05 August 2022
French prosecutors open war crime probe linked to Groupe Castel in CAR
France | It has taken French anti-terrorism prosecutors almost a year to open an investigation into allegations of potential complicity in war crimes, made against Groupe Castel in the Central African Republic (CAR).
The allegations that a local unit of Africa’s second-ranked brewer made payments to local militia were made by The Sentry, an American NGO, in an August 2021 report. The prosecutor will follow all leads, Reuters reported on 2 July 2022.
A subsidiary of Groupe Castel has financed and supported violent militias to protect its business interests in the Central African Republic, according to the report “Cultivating Atrocities” by the NGO The Sentry, which specialises in tracking down illicit financing in conflict zones. It was co-founded by the actor George Clooney and the author John Prendergast in 2016.
Its report accuses a subsidiary of Castel of paying bribes to a militia, UPC, in order to secure the firm’s factory and sugar cane fields, plus the free movement on key roadways necessary for the provision of supplies.
Operating in a phantom state
It needs to be pointed out that the Central African Republic is a vast, but sparsely populated country of some 5 million people. After decades of internal strife, it has deteriorated to not a failed state but a phantom state. Although there is a government, it has little power outside the capital Bangui. Armed rebel groups – 14 by the World Bank’s count, plus the Wagner Group – control two-thirds of the country, including access to mining sites.
The country has rich natural resources like diamonds, gold, uranium, and other minerals. The current government has employed the Wagner Group, a shadowy band of mercenaries controlled by Russian oligarch Yevgeny Prigozhin, to “coup-proof” the regime. In exchange for protection, a mining company, also owned by Mr Prigozhin, gained exploratory mining rights to seven gold and diamond mines, the Council on Foreign Relations, a US think tank, reports.
Even at the risk of sounding cynical, it needs to be stressed that a militia’s stream of revenue usually rests on two pillars: extortion and the plunder of a country’s natural resources.

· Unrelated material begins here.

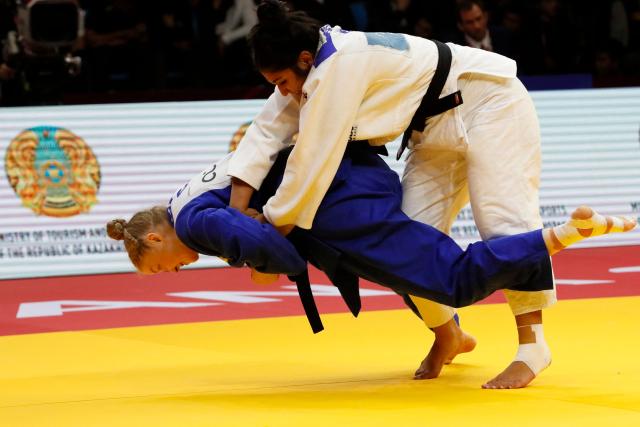 Brazil's Beatriz Freitas (white) and Canada's Coralie Godbout compete in the women's under 78 kg bronze medal bout at the Astana Grand Slam judo tournament in Astana on May 10, 2026. (Photo by STANISLAV FILIPPOV / AFP)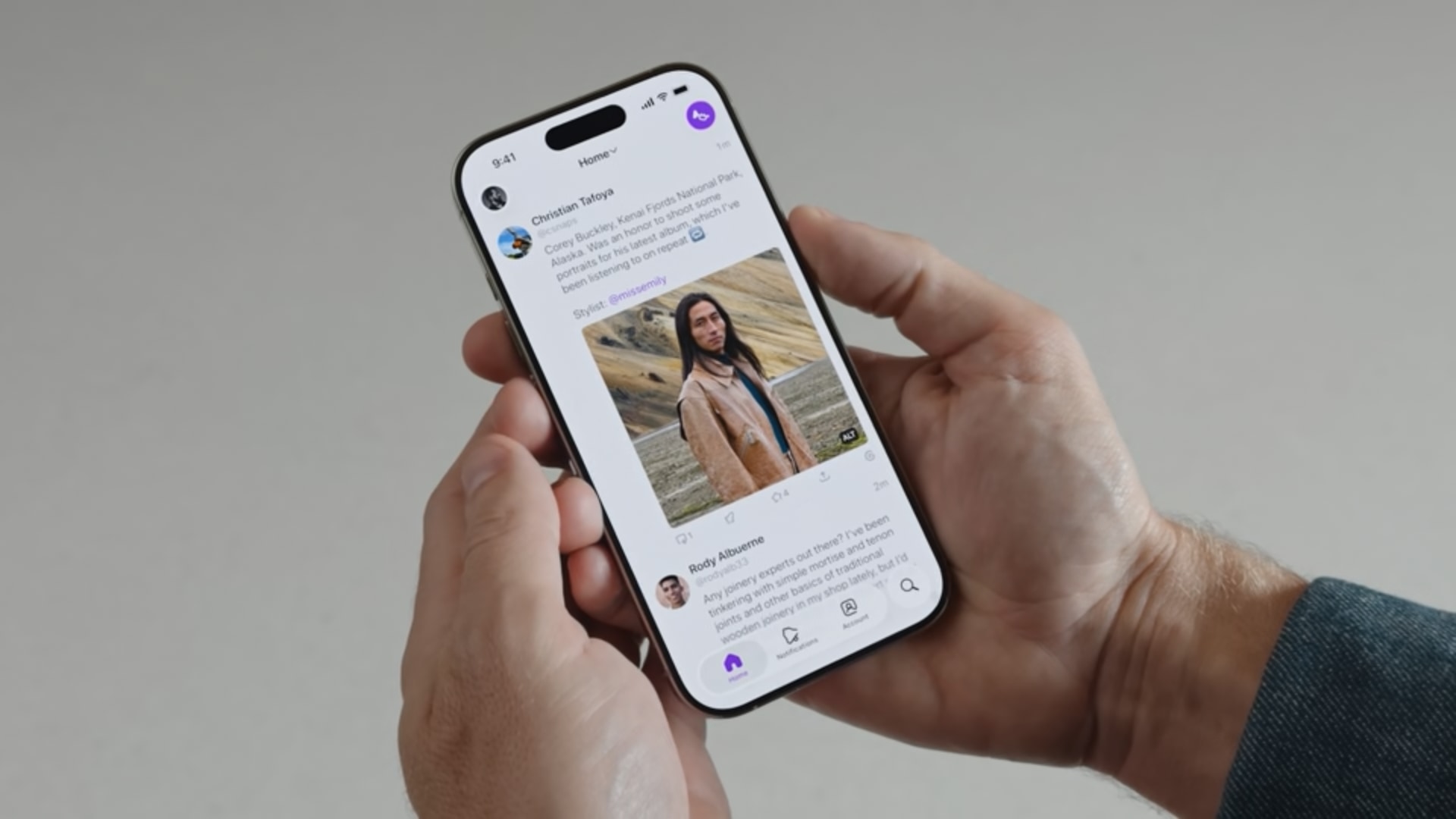 iPhone held in hands, showing a social media app with a post showcasing a young man wearing a stylish jacket.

That is usually enough money to purchase weapons, pay salaries, and make dole-outs to the poor.
Everyone pays the militias: local businesses, women going to the market, even NGOs. But except for western do-gooders, Africans usually see these extortion rackets as another type of tax, which is not paid to the government but to the local warlord.
Playing by the Western rule book
Therefore, it really depends on your point of view – the moralist’s versus the realist’s – if you regard the alleged payments as “bribes” or as “coerced protection money”. In any case, those who do not pay up will likely see their investments go up in flames, literally and metaphorically.
Ultimately, all businesses in fragile African countries need to decide for themselves if they want to play by local rules. Because if they do not, their only other option is to exit the country altogether.
Per Reuters, a spokesman for Groupe Castel said the company was fully cooperating with French authorities on the matter and that an internal investigation following the first accusations had shown no evidence of wrongdoing.